We did. We shook hands and walked out of the control room. For the next six weeks, from 6 am to 9 pm most days, every single day, we worked on that project.
One morning, we had a butterfly check valve to remove. The lines in that system were full of potassium carbonate. Nasty corrosive stuff. We had to empty the line. He had to disconnect the electrical and force it shut to get it out of the line. Like sliding a plate out of the dishrack, except this thing was 18 inches wide, solid disc of stainless steel with an outer ring and spindle and control head, two stories up.
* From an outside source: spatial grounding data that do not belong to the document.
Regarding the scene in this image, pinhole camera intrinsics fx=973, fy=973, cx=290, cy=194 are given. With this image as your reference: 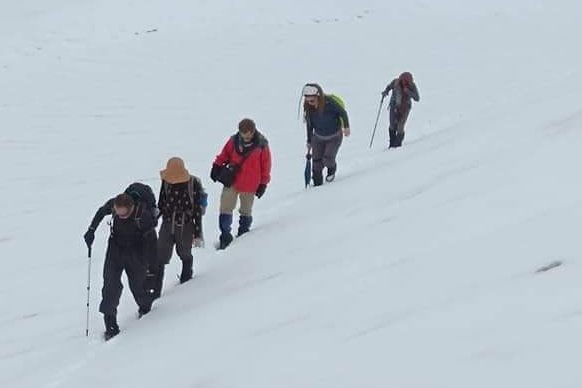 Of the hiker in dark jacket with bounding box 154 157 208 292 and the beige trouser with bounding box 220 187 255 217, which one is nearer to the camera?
the hiker in dark jacket with bounding box 154 157 208 292

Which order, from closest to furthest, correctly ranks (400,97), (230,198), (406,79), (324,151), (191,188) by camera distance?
(191,188) → (230,198) → (324,151) → (406,79) → (400,97)

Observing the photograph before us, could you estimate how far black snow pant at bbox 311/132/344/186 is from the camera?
13.9 m

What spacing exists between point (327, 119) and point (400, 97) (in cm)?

We needed the nine-tonne crane.
That valve was out on the ground by 9 am, and people were shocked.
Why I Teach Breathing Now
Why leave all that fun? Why am I no longer a process operator?
I went to study languages. Another encounter with a newly minted engineer convinced me I should probably go get a degree, so as one does, I went and did something that seemed interesting and not troublesome, a new degree option called Speech and Language Science. I had no intention of falling deeply in love with linguistics (I didn’t realise it was a linguistics degree), but I did.
Language is more complex and our ability to make language is way more complex and fundamental than making ammonia. Languages are more fun and way less stinky than Benfield. A thing we humans seem compelled to do, and a way, way more complex process than an ammonia plant.
And breathing is first, final, and fundamental.
My first practice was called Radical Breathing. Radical as in from the root. I started when the world was afraid of sharing breath, and five years later this is still a time of so much foment. The uncertainty has been exhausting and time feels both like a blur and an eternity.
I don’t teach from the point of view of someone who has ever had an office job. I teach from understanding what critical systems are. I know what it means to operate critical systems. What happens when systems fail.
What I intend for my clients is the ability and capacity to regulate.
That might not be you outside observing honeybees about their business in the very early morning...watching workers forage through a riot of fuchsia flowers. I wish for you, whatever your it is……able to be in the moment and notice…
Alyssa is a breathwork facilitator who spent 17.5 years as a process operator on the world’s largest single-train ammonia plant. She now teaches breathing as the most critical system we’ll ever operate. We are only breathing. Let’s breathe like our lives depend on it.